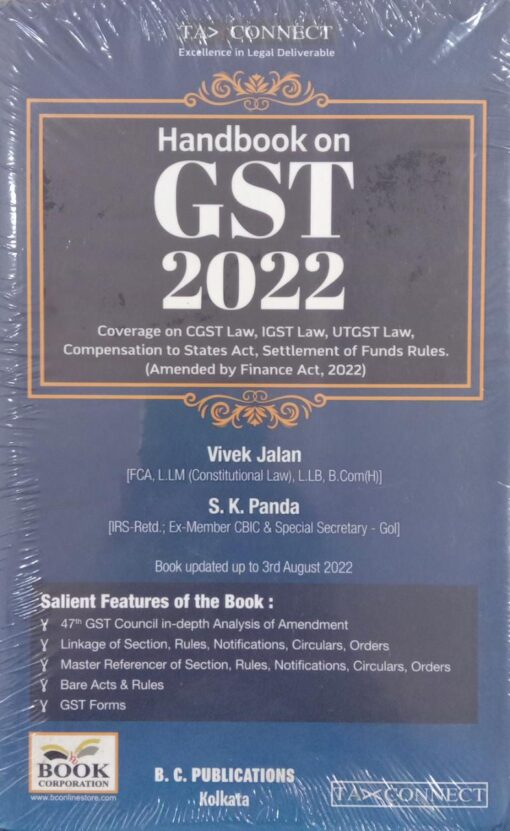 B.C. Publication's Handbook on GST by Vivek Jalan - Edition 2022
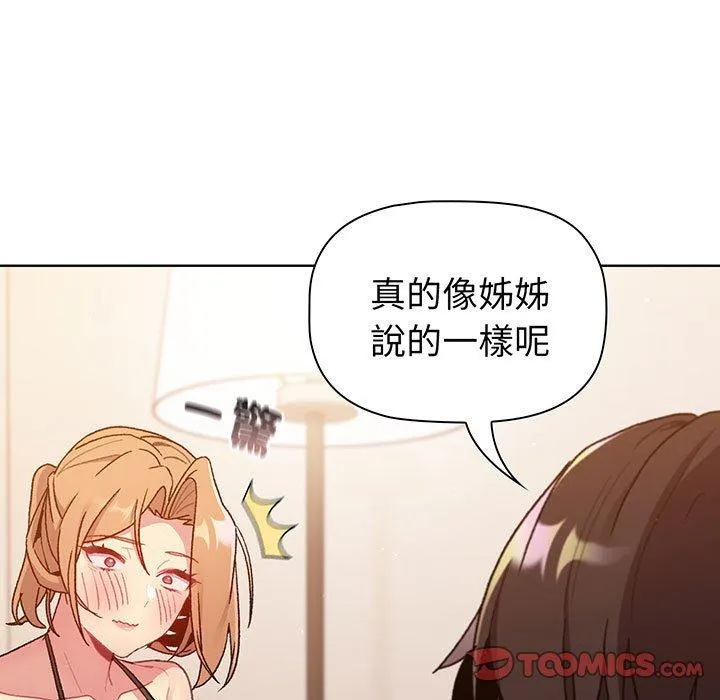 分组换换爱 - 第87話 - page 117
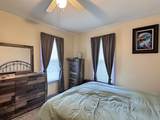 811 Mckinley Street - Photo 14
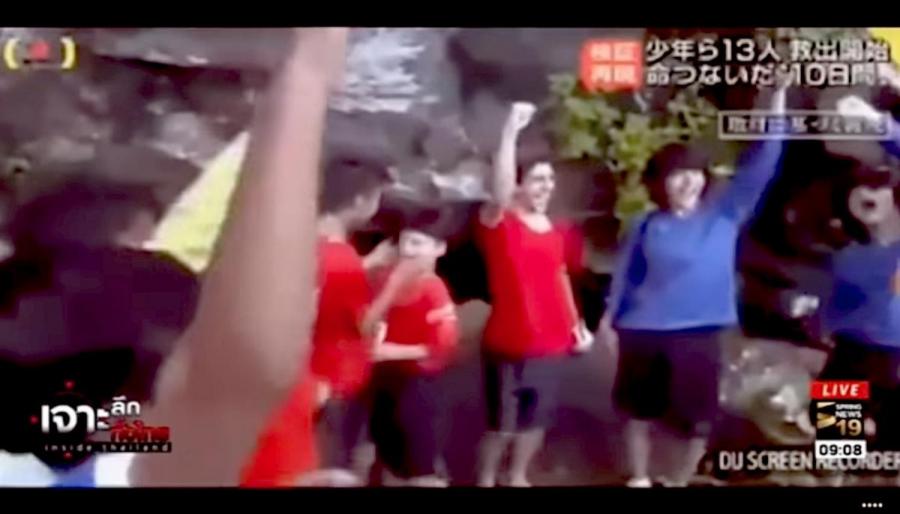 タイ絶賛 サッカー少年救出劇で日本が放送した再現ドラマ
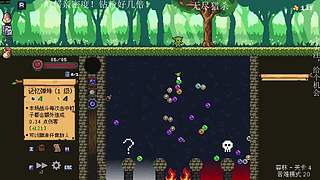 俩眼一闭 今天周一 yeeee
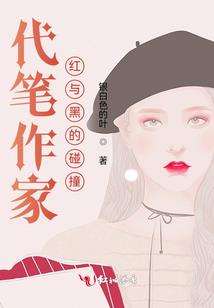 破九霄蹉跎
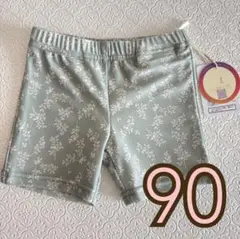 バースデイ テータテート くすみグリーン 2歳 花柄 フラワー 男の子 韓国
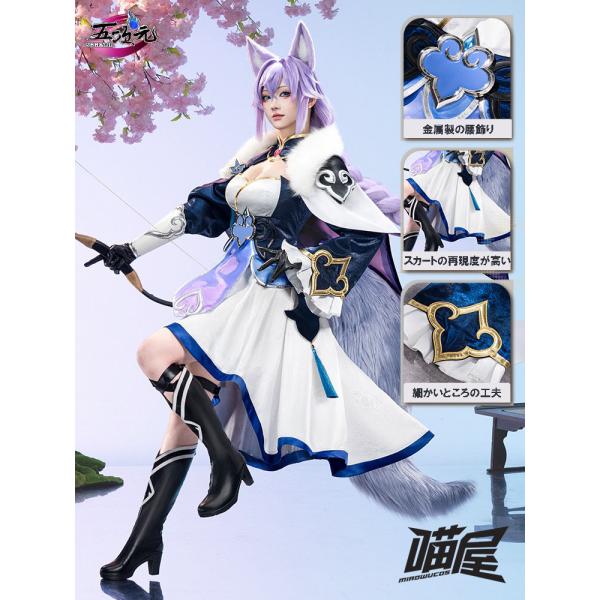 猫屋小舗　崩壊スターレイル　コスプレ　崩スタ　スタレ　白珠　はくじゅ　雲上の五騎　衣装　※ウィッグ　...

PROBLEM
Give the lines from the one containing "タイ絶賛 サッカー少年救出劇で日本が放送した再現ドラマ" through the last line of the material again, exactly and with no pictures, both ends included.

SOLUTION TO THIS EXERCISE
 タイ絶賛 サッカー少年救出劇で日本が放送した再現ドラマ
 俩眼一闭 今天周一 yeeee
 破九霄蹉跎
 バースデイ テータテート くすみグリーン 2歳 花柄 フラワー 男の子 韓国
 猫屋小舗　崩壊スターレイル　コスプレ　崩スタ　スタレ　白珠　はくじゅ　雲上の五騎　衣装　※ウィッグ　...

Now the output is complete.